Court Opinion

ID: 9737561
Source: CourtListenerOpinion
Date Created: 2023-08-26 19:28:44.344212+00
Date Added: 2024-06-11T07:23:59.808653
License: Public Domain

Hallows, C. J.
(dissenting). I dissented in State ex rel. Reynolds v. Nusbaum (1962), 17 Wis. 2d 148, 115 N. W. 2d 761, because I believed the safety and welfare of schoolchildren were proper constitutional purposes of a school bus law. Following that decision the people of Wisconsin so provided and the law under question resulted. I must now dissent to the majority opinion on the very basic ground that the exception provided in sec. 121.54 (1), Stats., to the school bus law is unconstitutional because the exception allows a school board to discriminate in matters of safety and welfare between children who reside in the city and those who reside in the rural area of the same school district.
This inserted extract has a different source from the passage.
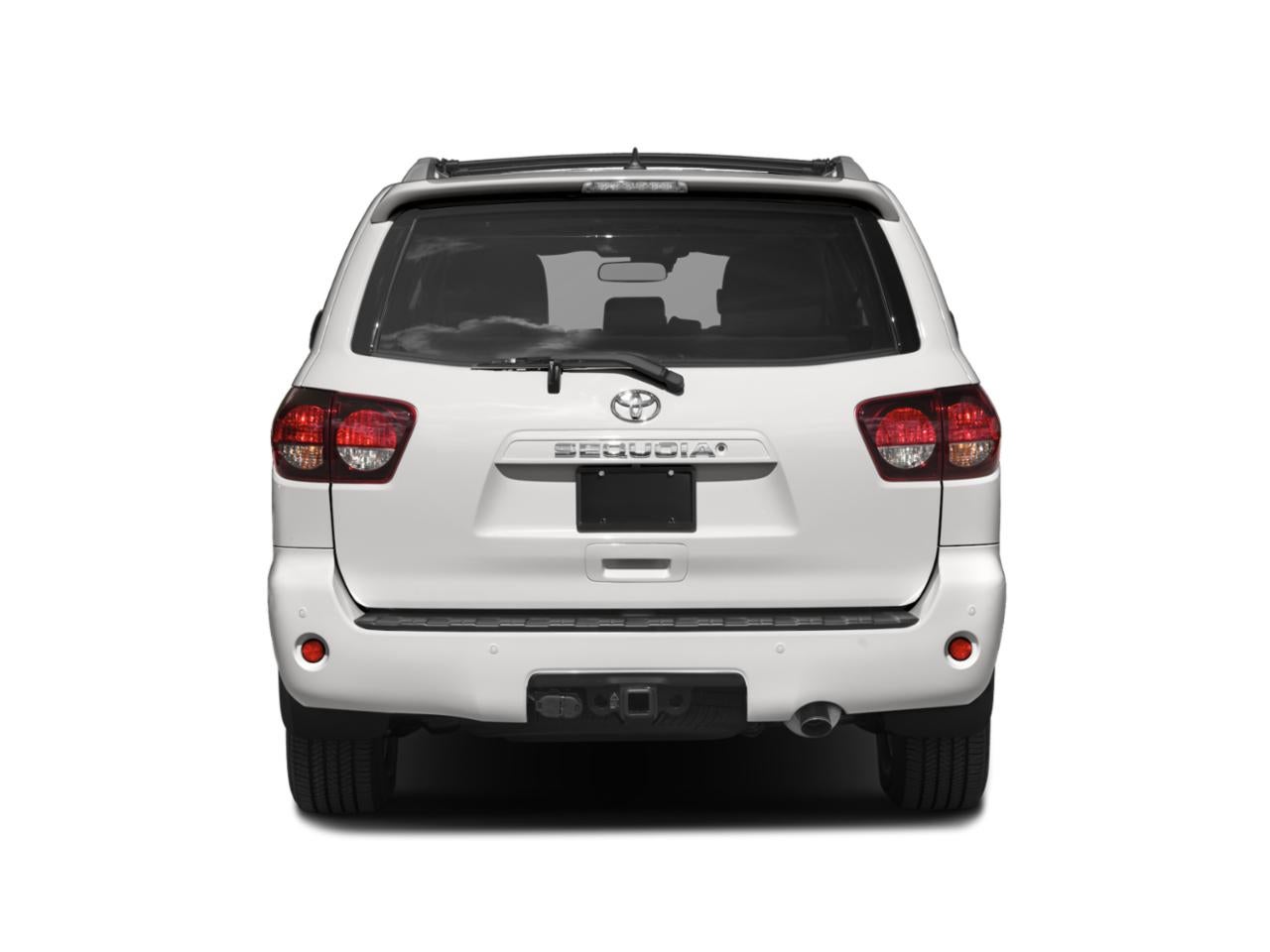 2018 Toyota Sequoia SR5 4WD (SE)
The result is to deny the equal protection of the law to city schoolchildren.
The majority of the court considers the statute allowing the bussing of children to public and private schools to be clear and therefore not in any need of construction. It also considers its reading of the statute as not resulting in an absurd result even though children living near St. Mary’s Springs Academy are bussed to the high school in the city of Fond du Lac while children living near the high school in the city of Fond du Lac are not bussed to St. Mary’s Springs Academy.
In my opinion the exclusion in sec. 121.54 (1), Stats., providing that equal transportation need not apply to *511pupils who reside in cities creates an unreasonable classification and bears no reasonable relationship to the purpose of the law. The purpose and object of the school bus law is to promote and provide for the safety and welfare of children by providing transportation. I see no valid distinction between city and rural children in respect to their safety and welfare. It is just as healthy or unhealthy to walk two miles in the city as it is in the country and I believe the traffic hazards are greater in the city than in the country, at least the traffic statistics and insurance rates so indicate. If the law required the bussing of city children and excepted rural children, the denial of the equal protection of the law might be more apparent to some people. Legislative classification in order not to violate equal protection of the laws must be “germane to the purposes of the law, is not based upon existing circumstances only, applies equally to members of a class, and the character of one class is so different from another class as reasonably to suggest the necessity or propriety, having regard for the public good, of substantially different legislative treatment.” Union Free High School Dist. v. Union Free High School Dist. (1934), 216 Wis. 102, 107, 256 N. W. 788, as quoted in State ex rel. Harvey v. Morgan (1966), 30 Wis. 2d 1, 139 N. W. 2d 585.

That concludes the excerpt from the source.